ROANOKE TIMES

                         Roanoke Times
                 Copyright (c) 1995, Landmark Communications, Inc.

DATE: MONDAY, August 14, 1995                   TAG: 9508140015
SECTION: BUSINESS                    PAGE: A8   EDITION: METRO 
SOURCE: By JANE BRYANT QUINN WASHINGTON POST WRITERS GROUP
DATELINE: NEW YORK                                 LENGTH: Medium


BEWARE OF MAGAZINE STOCK `PORN'

SOME MAGAZINE hot picks are just that: `sexy' stocks the magazines, not analysts, have chosen to be the next big money maker.

Personal-finance magazines are purveying what I call investment porn: stories with headlines like TEN FUNDS SURE TO GO UP! SAFE WAYS TO MAKE 10 PERCENT! DIAL HOT-STOX!

We're getting these stories because we love them. They tickle our prurient financial interest. But they present a false picture of what good investing is about.

Sometimes the porn is mainly the headline - as in the latest Money magazine, tabloid-headed THE NEW WAY TO MAKE MONEY IN FUNDS TODAY. What's ``new'' turns out to be the familiar index funds (which follow the stock market as a whole) spiced up with some sexier funds on the side. Those side funds are touted as ``market beaters,'' although who can be sure? Maybe they will be, maybe not.

``What's a headline?'' shrugs Money Managing Editor Frank Lalli. ``It's a shouted message down a crowded bar.'' The porn test isn't the headline, Lalli argues, but whether the story is anchored in reality.

Even by this test, the anchor isn't holding firm. Personal-finance publications are crowding the field - Smart Money, Worth, new weekly newspaper sections. Kiplinger's venerable Changing Times reinvented itself as Kiplinger's Personal Finance Magazine. In this tough and competitive market, publications that merely dispense information will see their readership melt away. Investors want action and timely advice. Even if they're not buying stocks right now, they want to peep.

So journalists are increasingly making specific investment recommendations. Instead of ``analyst Bigdome picks the following stocks,'' it's ``Money magazine picks'' or ``Smart Money picks.'' Instead of listing the latest performance of mutual funds, some magazines rate them with ``up'' and ``down'' arrows or letter grades. The grades merely highlight past performance, adjusted for risk or market conditions. But readers generally use them as investment guides. There may even be a ``best buy'' list.

How good are the journalists' picks? Smart Money's current cover crows the 10 stocks picked by writer James Stewart in 1992 have risen an average of 150 percent. Lalli boasts Money's chief investment strategist, Michael Sivy, ``has called market turns with remarkable accuracy.'' But no systematic work has been done on how readers might fare if they rely on magazines for investment advice.

A couple of small studies, by stockbrokers with an ax to grind, have asked some interesting questions about journalistic research.
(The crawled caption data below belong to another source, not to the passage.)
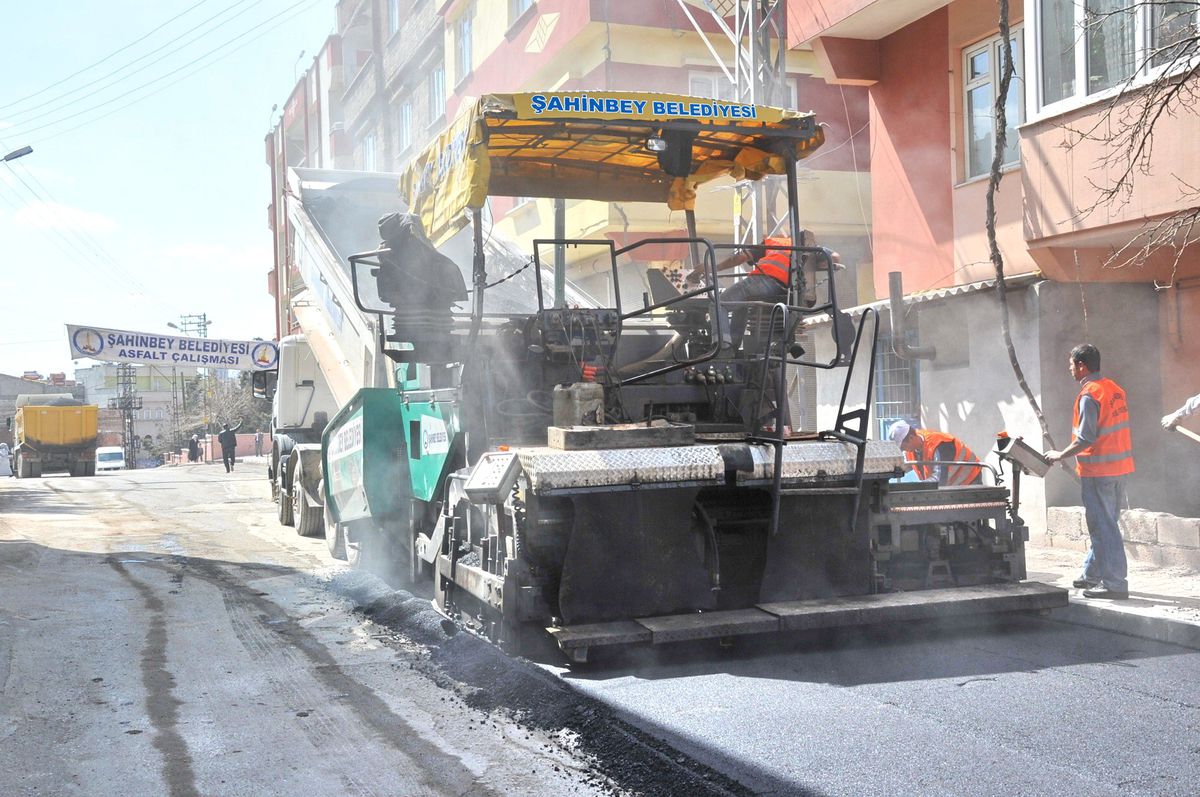 Şahinbey Belediyesi\'nden Asfalt Atağı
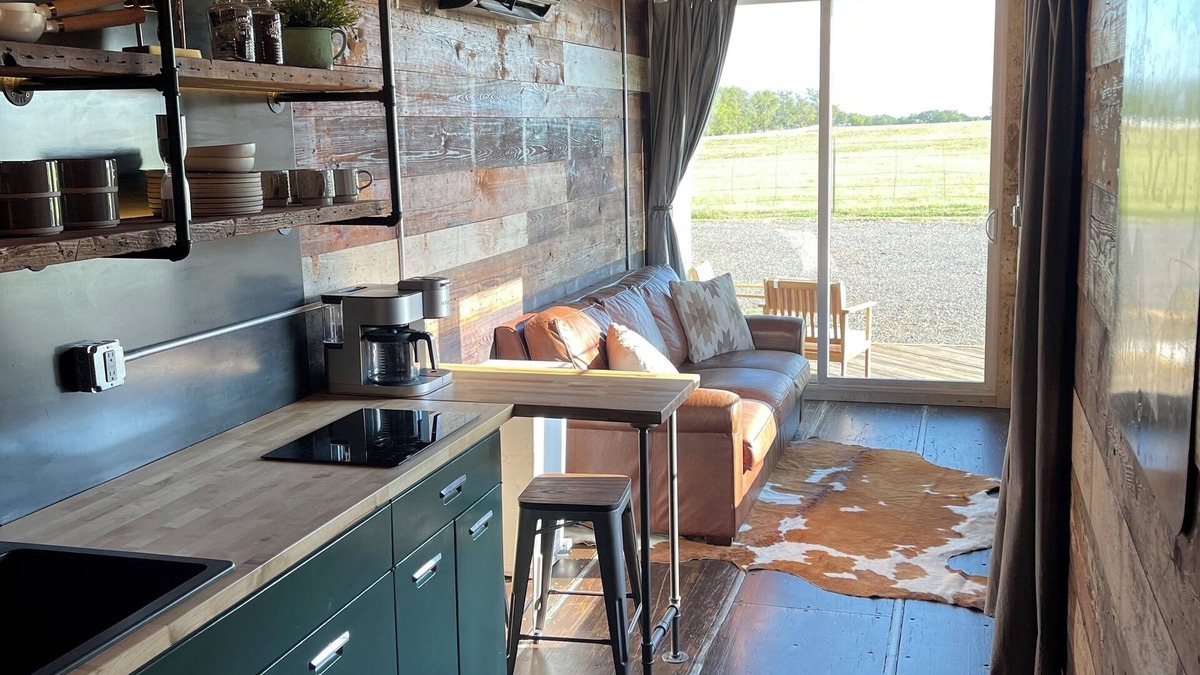Nemo House | Modern Country Container Home - Great Location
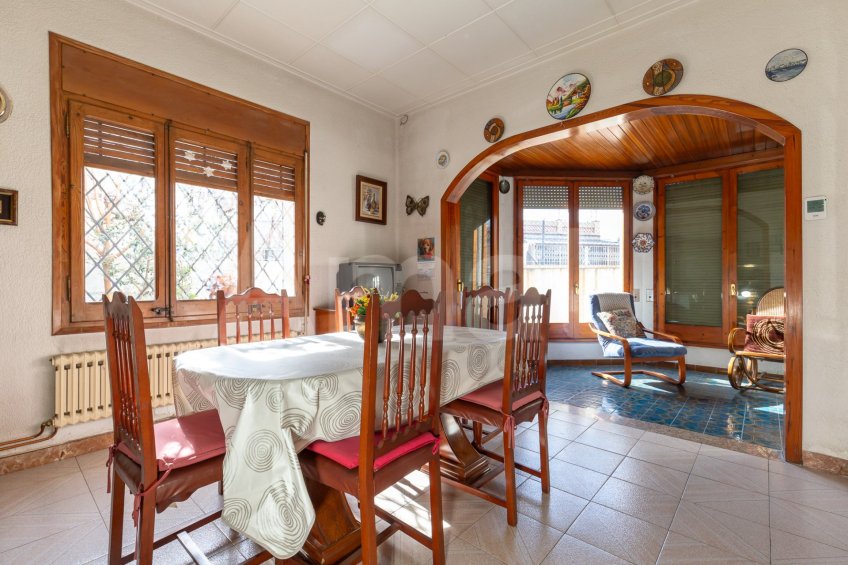 Casa unifamiliar con jardín, a reformar, al lado de la Biblioteca -8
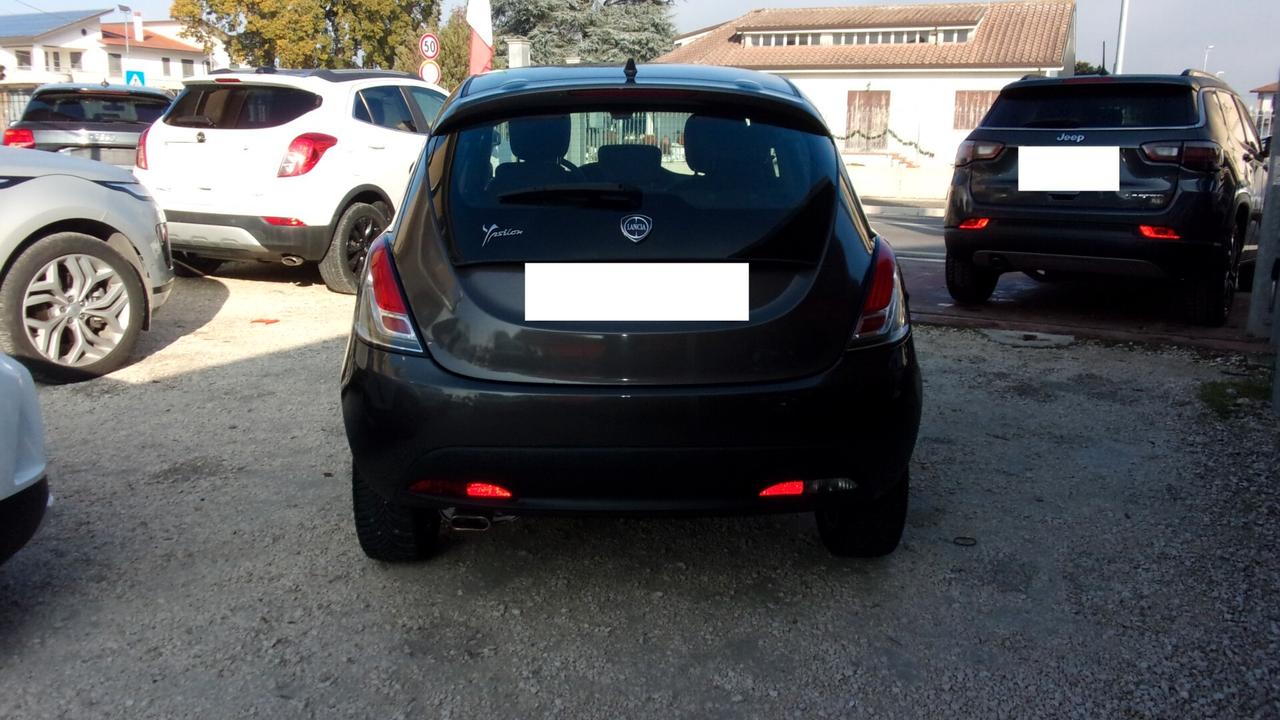 Lancia Ypsilon 1.2 69 CV 5 porte S&S Gold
One, published in a trade magazine called Registered Representative, looked at ratings some magazines gave to mutual funds and concluded they didn't predict how the funds would do. An internal study by the Smith Barney Consulting Group looked at the stock picks in four of Money's forecast stories; in the following year, they underperformed the market average.

These two studies have problems. Money magazine preaches long-term investing, not quick sales after one year; the Registered Rep piece glossed over some serious measurement issues. But the questions they raise deserve to be answered. If journalists join the stock-picking circus, they have to expect their investment recommendations to be tested for results. That's going to be hard on such story staples as DOUBLE YOUR MONEY IN THREE YEARS!

The verdict is already in for viewers who seek quick profits from ``Wall Street Week,'' Louis Rukeyser's popular Friday night broadcast. A study by Norman Fosback, editor of Market Logic in Fort Lauderdale, Fla., found the stocks recommended by Rukeyser's guests tend to rise in the two weeks before the show. They spike up the following Monday - generally the next market day for viewers to buy recommended stocks - hover there for a week and then drop back to the market trend.

I don't do stock tips. My taste runs to index funds, bought and held, and mutual funds in any market that just collapsed. But Newsweek magazine, which I also write for, provides tips the old-fashioned way: by interviewing money managers and letting them tout their favorite stocks.

Smart Money's James Stewart said he'd be ``horrified'' if readers relied on him for stock picks rather than doing their own research. That seems ingenuous. Why else would his prowess be touted on the magazine's cover? So far, I wish I'd invested with him. But everyone's a genius when markets go up.

Personal-financial magazines have a lot of investment smarts. They're wonderful teachers. They provide new ideas and good suggestions for correcting your course. But if you keep hopping to the hot funds they tout each month, you're often buying just when the fund is about to flag. Smart investors set up an automatic investment program, with a limited number of funds, and let it ride.